━━━ DATASET CONTENT ━━━

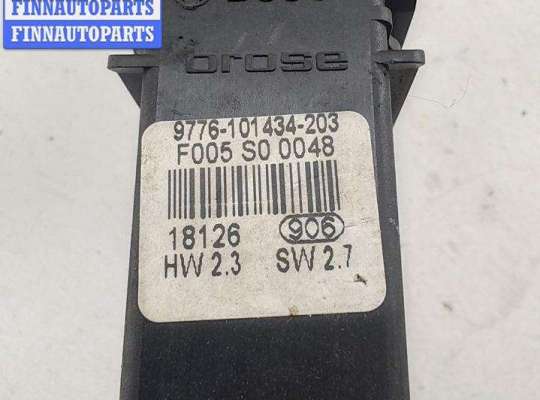 купить Моторчик стеклоподъемника передний правый на Volkswagen Golf-4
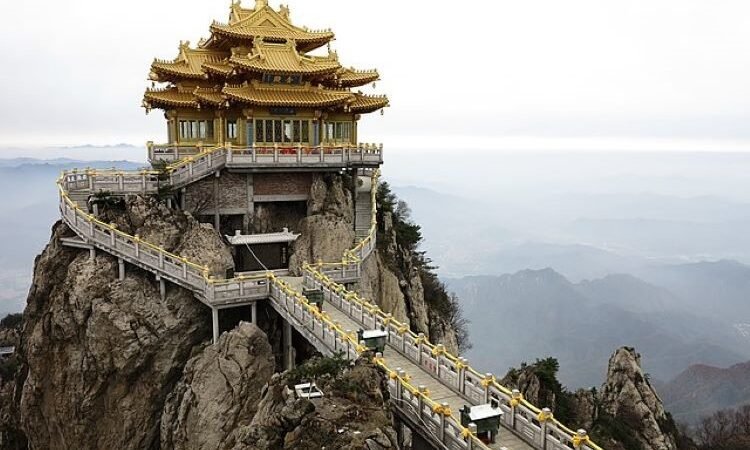 Il Monte Laojun: un luogo sacro per il Taoismo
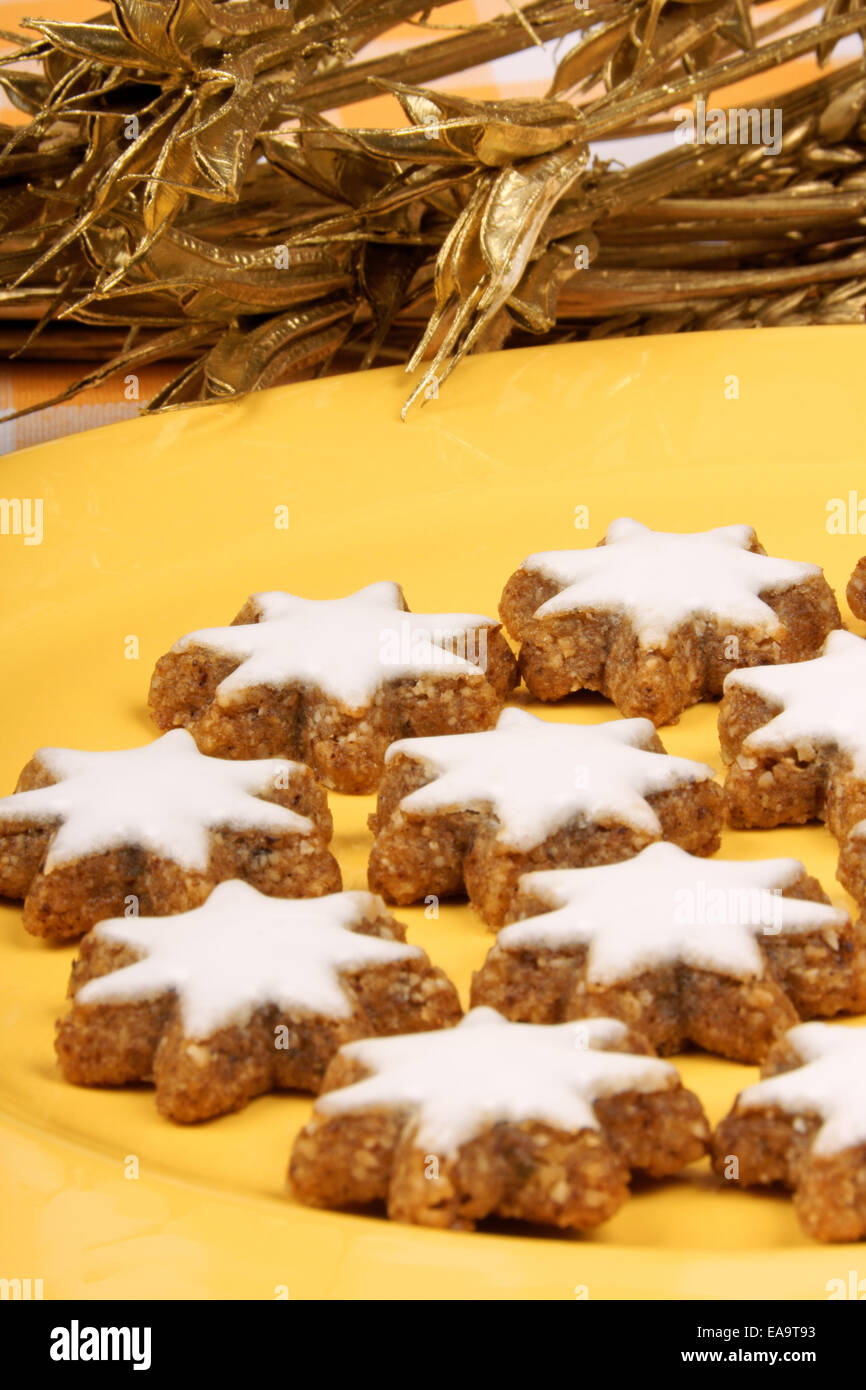 Étoiles à la cannelle (Zimtsterne les cookies en allemand) sont typiques  des biscuits de Noël allemands et suisses faite d'amandes. Sur une plaque  jaune Photo Stock - Alamy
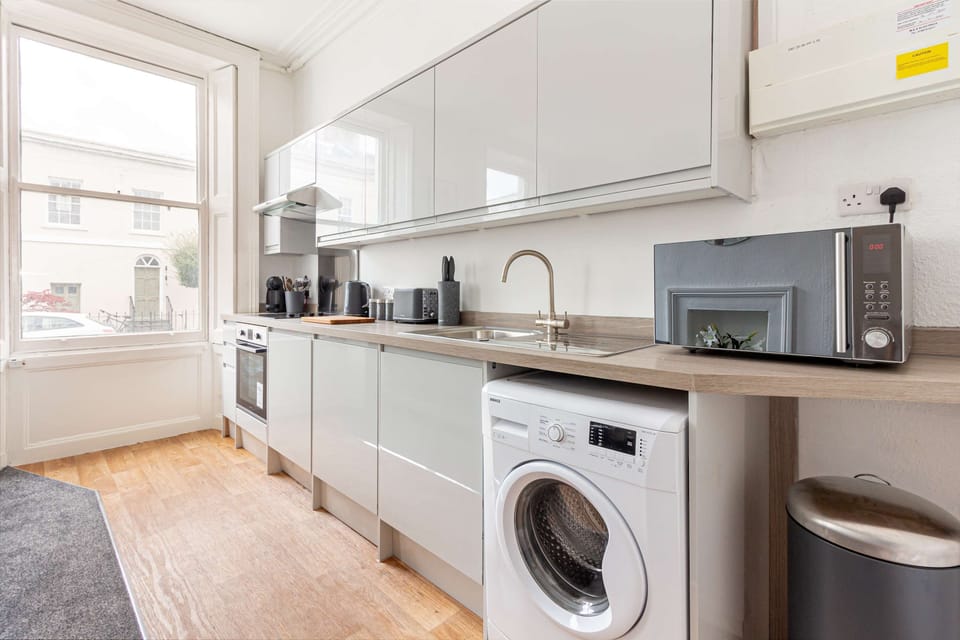 Montpelier Villas, Cheltenham - Host & Stay
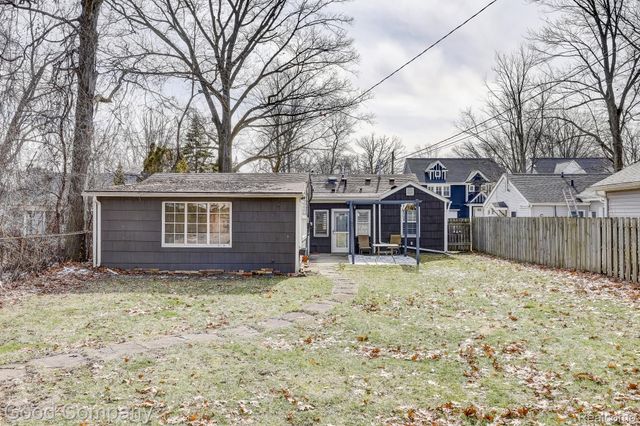 3220 Warick Road, Royal Oak, MI 48073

━━━

=== PROBLEM REQUIREMENTS ===
Reproduce the lines above beginning at the line that contains "Il Monte Laojun: un" and ending at the line that contains "Étoiles à la". No pictures.

=== EXERCISE SOLUTION ===
 Il Monte Laojun: un luogo sacro per il Taoismo
 Étoiles à la cannelle (Zimtsterne les cookies en allemand) sont typiques  des biscuits de Noël allemands et suisses faite d'amandes. Sur une plaque  jaune Photo Stock - Alamy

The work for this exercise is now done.